[[ EXTRACTED INFORMATION, beginning ]]

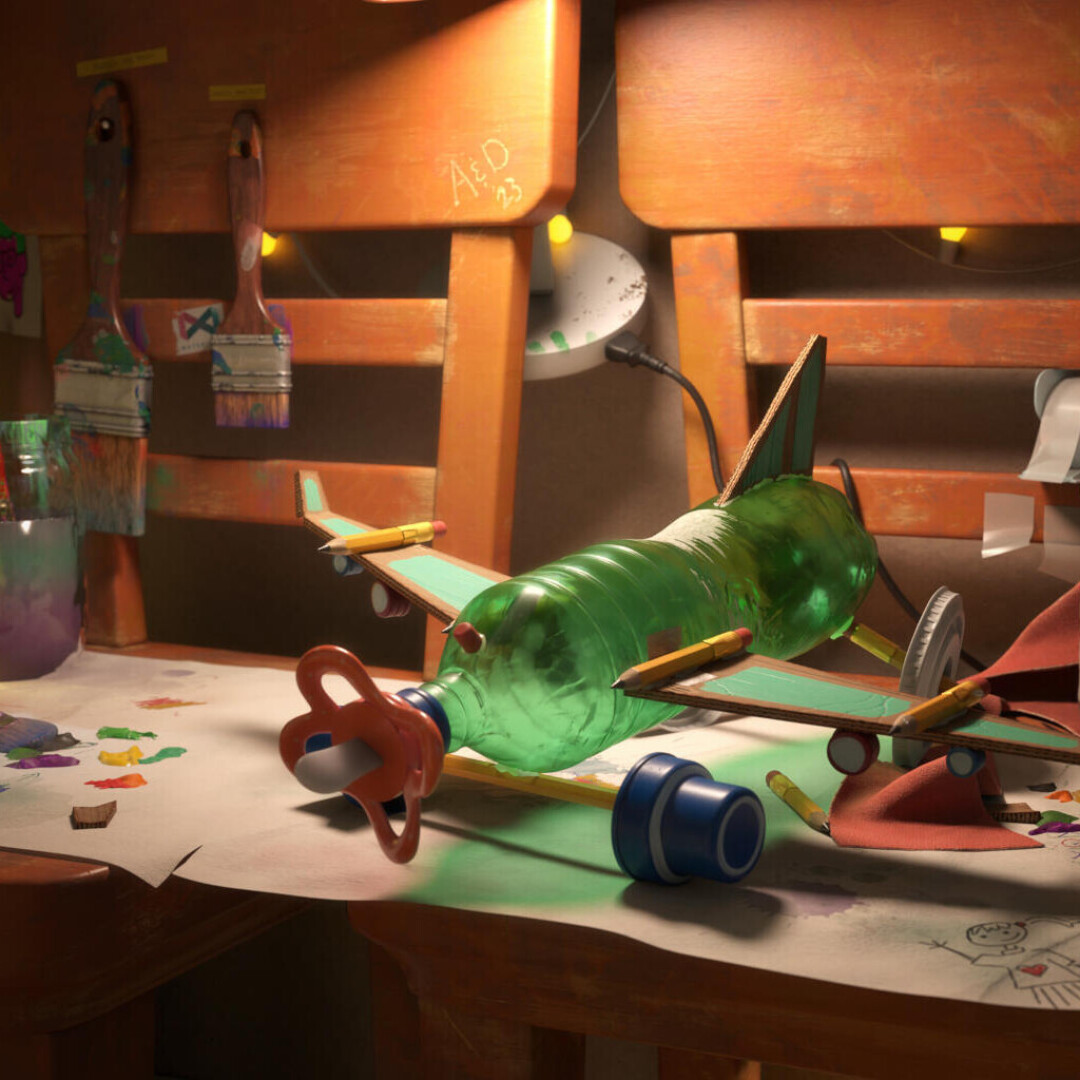 OpenPBR v0.2 بصورت رایگان منتشر شد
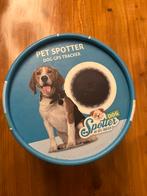 Dieren gps tracker “spotter”, Ophalen of Verzenden, Zo goed als nieuw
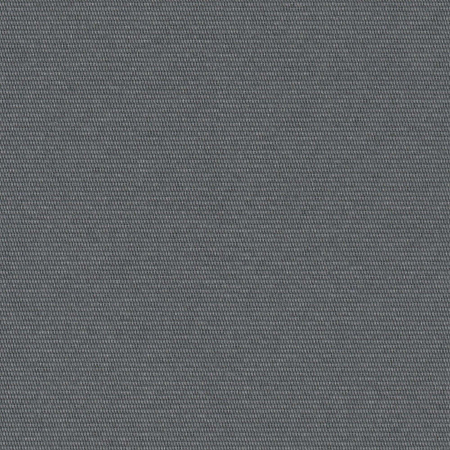 Luxe Charcoal Vertical Blinds Hardware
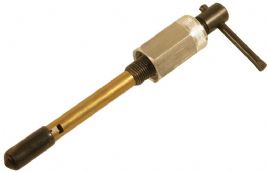 bild 1 produkt: Orificeutdragare till orificetuber som inte g�tt av p� FORD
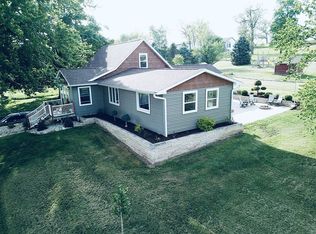 2534 Black Diamond Rd SW, Iowa City, IA 52240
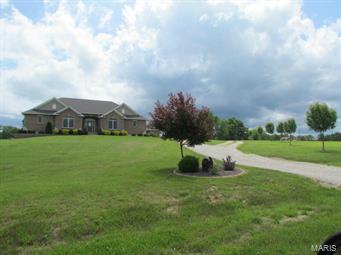 Briar Meadows Estates - Residential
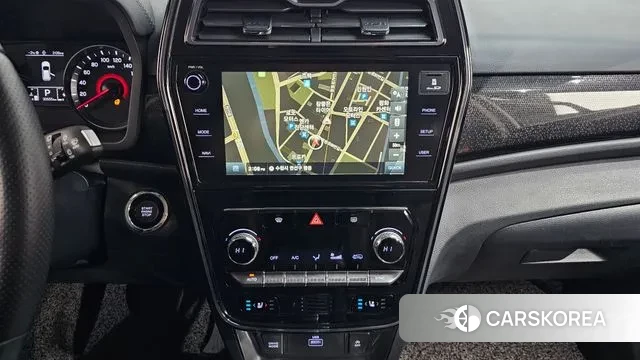 Ssangyong Berry New Tivoli 2020 Белый из Кореи, фото 6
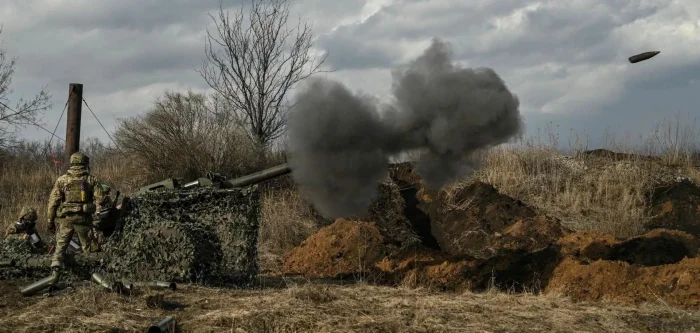 Российские войска отражают атаки ВСУ на Курское приграничье: хроника событий 6 ноября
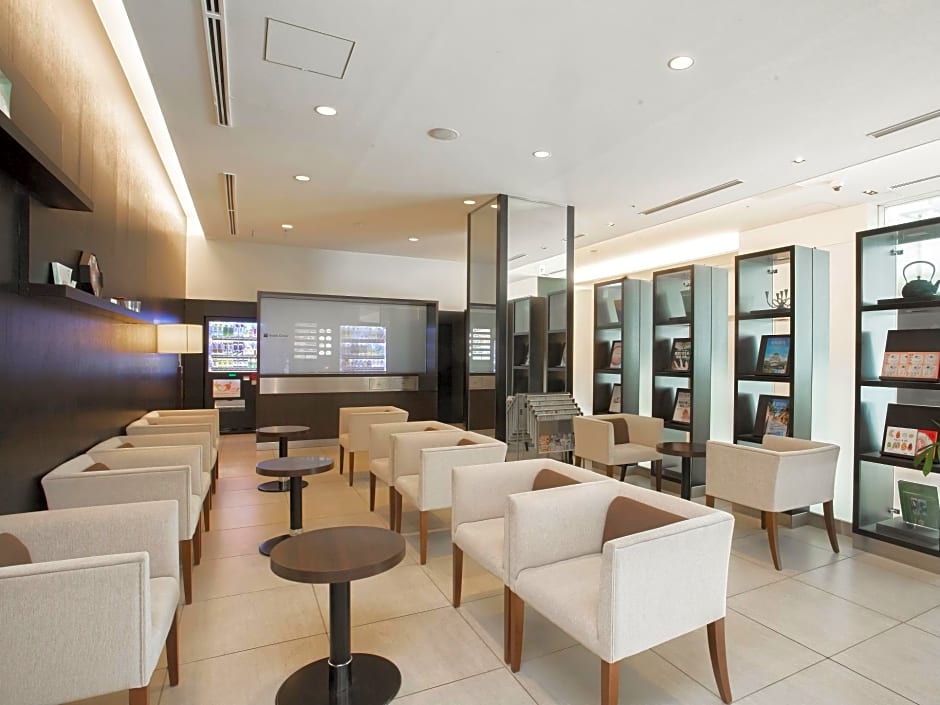 X-Wave Umeda Hotel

[[ EXTRACTED INFORMATION, end ]]

WHAT THIS TASK INVOLVES:
Copy exactly and only this span: the line with "Ssangyong Berry New" through the final line of the entries, both ends included, with the pictures left out.

RESULT OF THE EXERCISE:
 Ssangyong Berry New Tivoli 2020 Белый из Кореи, фото 6
 Российские войска отражают атаки ВСУ на Курское приграничье: хроника событий 6 ноября
 X-Wave Umeda Hotel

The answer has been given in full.